Сколько же и по сей день слышим восторженных воспоминаний о «хрущевской оттепели». Да, тогда уже огрузались прилавки кольцами краковской колбасы, желтыми кругалями сыров и банками кукурузного меда. Но пресловутая «оттепель» в который-то раз заморозила нашу Православную Церковь. Новая ледяная волна репрессий пошла гулять по России. Именно в 1960-х годах вновь гнали священников и рушили оставшиеся храмы. Если взять карту дореволюционного Иркутска и пометить золотой краской православные церкви и часовни, засиял бы град наш, щедро осененный куполами. Сколько их повалено, уничтожено, осквернено в советское время! Даже диву даешься, что спаслись, остались еще и ныне, восставши из руин, вновь воссияли наши храмы. И вот снова и снова смотрю на фотографию взорванной Александринской церкви и не понимаю(!), как поднялась рука на святость и такую красоту.
Нет, не помню ее устремленной в небо, но, вдруг увидев в альбоме и окунувшись в глубину памяти, вспомнила, что семилетней девчонкой побывала в этой разрушенной церкви. Мальчишки поддевали на палки черепа и бегали с ними по улице. А мы с братом карабкались по грудам кирпичей в сторону низкого уцелевшего еще свода. Но не черепа на палках, которыми пугали нас, не расколотые, словно обугленные стены запомнились мне, а таинственный, мистический страх, который давил и гнал отсюда, как с похорон зверски убитого близкого человека. Ведь я даже ясно не осознавала тогда, что мы находимся в порушенном храме.
На перекрестье улиц бывшей Большой и Володарского вместо разобранной красавицы Благовещенской церкви, в которой начал свое служение будущий святитель Иннокентий (Вениаминов), построили жилой дом. На месте первого в городе по богатству икон Тихвинского (Воскресенского) храма возвели здание «Востсибугля». Вместо уничтоженной часовни Христа Спасителя (перекрестье Большой и Пролетарской), сооруженной на пожертвования иркутян в память спасения жизни императора Александра II во время покушения в 1866 году, установили гранитный бюст Ленина. На месте снесенной в 1961 году Александринской церкви в районе улиц 3-й Иерусалимской (Трилиссера) и Партизанской – ныне жилой массив. Как вам теперь живется, как работается, иркутяне, на земле порушенных святынь?
***
В альбоме сказано, что вместо снесенной большевиками церкви теперь – ряд однотипных панельных домов. Поехала на это скорбное место. На стертых, блеклых стенах угрюмых «хрущевок» номеров, как водится у нас, не оказалось. Но это где-то здесь. Вот спросила молодого парня, идущего к автомашине. Он достал «крутой» мобильник, посмотрел по «ДубльГИСу», махнул рукой:
– Там, сразу за нашим домом, подземные гаражи…

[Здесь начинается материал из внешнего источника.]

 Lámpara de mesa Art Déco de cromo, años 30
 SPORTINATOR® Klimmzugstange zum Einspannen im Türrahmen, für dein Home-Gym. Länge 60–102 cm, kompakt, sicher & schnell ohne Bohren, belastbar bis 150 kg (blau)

Этот «дом» № 46/1 по улице Александра Невского – безликая, черная, врытая в землю крыша. Недостроенный зев въезда, над которым огромные буквы: «Аренда, продажа». Кругом беспорядок, грязь, переполненные мусорные баки, в них роется бомж. Сиро, бесприютно, жалко. И это на святом-то месте! У меня перехватило горло. Глянула вверх – и только там, в чистой лазури, над этим выразительным среди подступающих домов квадратом городского пространства, когда-то предназначенного для храма, сияла чистота и плыло маленькое перистое облако. Слезы закипали в глазах. Захотелось перекреститься, но взгляд упирался лишь в черную крышу, мусор, проволочные ограды. Перекрестившись на солнце – Господи, прости нас! – собралась уходить. Вдруг увидела вдалеке мальчишек. Они кричали, толкались, бегали по крышам старых гаражей, били бутылки. Один, с белой собакой, приблизился ко мне. Я позвала его. Боязливо подошли еще двое. Мы познакомились. Сема и Ваня, на вид лет восьми.
– А вы знаете, что когда-то на этом месте стоял вот такой храм? – показываю им фото в альбоме.
– Нет, – любопытство и недоверчивость борются в их глазах. Собака дружелюбно вьется рядом. Представилось вдруг, какая чистота, красота была бы здесь, в церковном дворе, как объединил бы и возвысил храм всю эту унылую даже в ослепительных лучах весеннего солнца округу. Гаражи на месте церкви. Врытая в церковный погост стоянка современных идолов – автомобилей…
Думала, приеду, войду в подъезд, спрошу кого-то из жильцов: знают ли, что они на месте убитой церкви живут? спокойно спят?.. Нет, не вошла. Некуда, да и незачем.
Разве нам спрос учинять? Разве нам судить?